Haciendo solo lo recto

//Pr. Luis A. Núñez\\

Es increíble ver a lo largo de la historia de los reyes como ellos se pervirtieron, en lugar de ser aquellos que trajeran orden y encaminaran al pueblo en los caminos de Dios. El pueblo había deseado un rey desechando así el gobierno de Dios desarrollado a través del tiempo de los jueces. 

“Pero no agradó a Samuel esta palabra que dijeron: Danos un rey que nos juzgue. Y Samuel oró a Jehová. Y dijo Jehová a Samuel: Oye la voz del pueblo en todo lo que te digan; porque no te han desechado a ti, sino a mí me han desechado, para que no reine sobre ellos” (1 Samuel 8:6-7)

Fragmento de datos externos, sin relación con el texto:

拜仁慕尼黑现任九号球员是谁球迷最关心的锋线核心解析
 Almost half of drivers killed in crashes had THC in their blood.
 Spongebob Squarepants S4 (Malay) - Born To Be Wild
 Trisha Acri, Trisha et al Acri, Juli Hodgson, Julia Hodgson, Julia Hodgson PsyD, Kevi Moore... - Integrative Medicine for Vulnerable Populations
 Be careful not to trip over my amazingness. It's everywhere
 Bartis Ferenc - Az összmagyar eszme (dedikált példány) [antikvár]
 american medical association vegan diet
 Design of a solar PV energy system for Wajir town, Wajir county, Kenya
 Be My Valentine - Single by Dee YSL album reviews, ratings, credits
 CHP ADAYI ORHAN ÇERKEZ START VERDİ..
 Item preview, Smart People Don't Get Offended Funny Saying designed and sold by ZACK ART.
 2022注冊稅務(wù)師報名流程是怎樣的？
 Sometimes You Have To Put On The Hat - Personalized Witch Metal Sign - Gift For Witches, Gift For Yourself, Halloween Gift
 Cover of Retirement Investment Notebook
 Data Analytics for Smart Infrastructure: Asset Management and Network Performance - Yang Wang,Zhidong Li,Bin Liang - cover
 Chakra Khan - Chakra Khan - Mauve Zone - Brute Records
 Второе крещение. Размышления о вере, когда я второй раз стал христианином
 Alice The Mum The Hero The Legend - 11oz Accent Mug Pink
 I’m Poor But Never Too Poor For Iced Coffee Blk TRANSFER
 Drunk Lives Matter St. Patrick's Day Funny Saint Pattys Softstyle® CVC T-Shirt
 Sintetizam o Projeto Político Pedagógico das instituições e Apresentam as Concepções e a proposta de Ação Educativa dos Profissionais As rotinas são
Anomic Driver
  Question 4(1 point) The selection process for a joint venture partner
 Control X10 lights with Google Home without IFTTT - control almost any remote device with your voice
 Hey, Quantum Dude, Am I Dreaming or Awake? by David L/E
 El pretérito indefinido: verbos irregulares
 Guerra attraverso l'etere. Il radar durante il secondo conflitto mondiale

Todas las naciones tenían un rey y ellos fueron influenciados por esa moda, por ese deseo, luego hablaremos de lo terrible que es querer vivir conforme al sistema de este mundo. A partir de allí, los reyes entonces vivían en su mayoría haciendo lo malo, una vida relacionada con el idolatrismo, el paganismo, una vida de desenfreno. Veamos algunos ejemplos.

  • 1 Reyes 15:25-26 dice que Nadab hizo lo malo ante los ojos de Jehová.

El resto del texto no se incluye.